Demidenko Eugene
Department of Biomedical Data Science and Department of Mathematics Dartmouth College Hanover New Hampshire.
Stat Anal Data Min. 2018 Aug;11(4):153-166. doi: 10.1002/sam.11379. Epub 2018 May 11.
Typically, when referring to a model-based classification, the mixture distribution approach is understood. In contrast, we revive the hard-classification model-based approach developed by Banfield and Raftery (1993) for which K-means is equivalent to the maximum likelihood (ML) estimation. The next-generation K-means algorithm does not end after the classification is achieved, but moves forward to answer the following fundamental questions: Are there clusters, how many clusters are there, what are the statistical properties of the estimated means and index sets, what is the distribution of the coefficients in the clusterwise regression, and how to classify multilevel data? The statistical model-based approach for the K-means algorithm is the key, because it allows statistical simulations and studying the properties of classification following the track of the classical statistics. This paper illustrates the application of the ML classification to testing the no-clusters hypothesis, to studying various methods for selection of the number of clusters using simulations, robust clustering using Laplace distribution, studying properties of the coefficients in clusterwise regression, and finally to multilevel data by marrying the variance components model with K-means.

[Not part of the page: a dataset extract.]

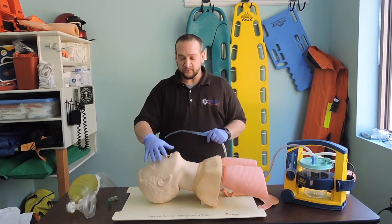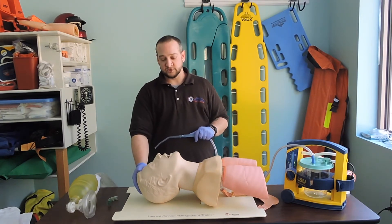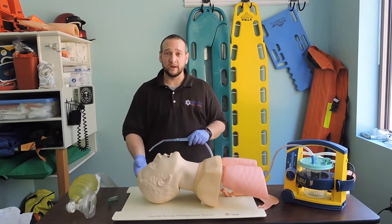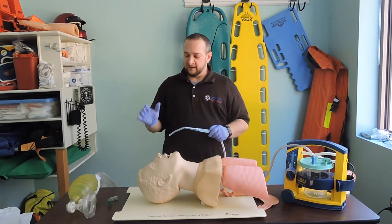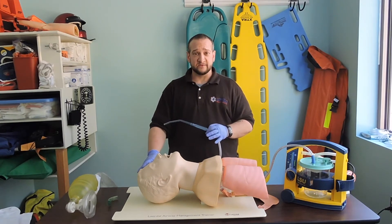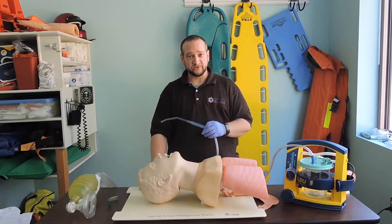We don't want to suction longer than 10 seconds because while we're suctioning, we're depriving our patient of oxygen. If there was a lot of thick vomitus and we couldn't clear the airway or the patient was actively vomiting, then we would continue longer. But for clearing most obstructions, a good rule is no longer than 10 seconds — then immediately get back to ventilating or providing supplemental oxygen.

通常,当提及基于模型的分类时,人们理解的是混合分布方法。相比之下,我们复兴了由班菲尔德和拉夫蒂(1993年)开发的基于硬分类模型的方法,对于该方法,K均值等同于最大似然(ML)估计。下一代K均值算法在完成分类后并不会结束,而是继续前进以回答以下基本问题:是否存在聚类,有多少个聚类,估计均值和索引集的统计属性是什么,聚类回归中系数的分布是什么,以及如何对多级数据进行分类?基于统计模型的K均值算法方法是关键,因为它允许进行统计模拟并按照经典统计学的思路研究分类的属性。本文阐述了ML分类在检验无聚类假设、使用模拟研究选择聚类数量的各种方法、使用拉普拉斯分布进行稳健聚类、研究聚类回归中系数的属性,以及最终通过将方差分量模型与K均值相结合来处理多级数据方面的应用。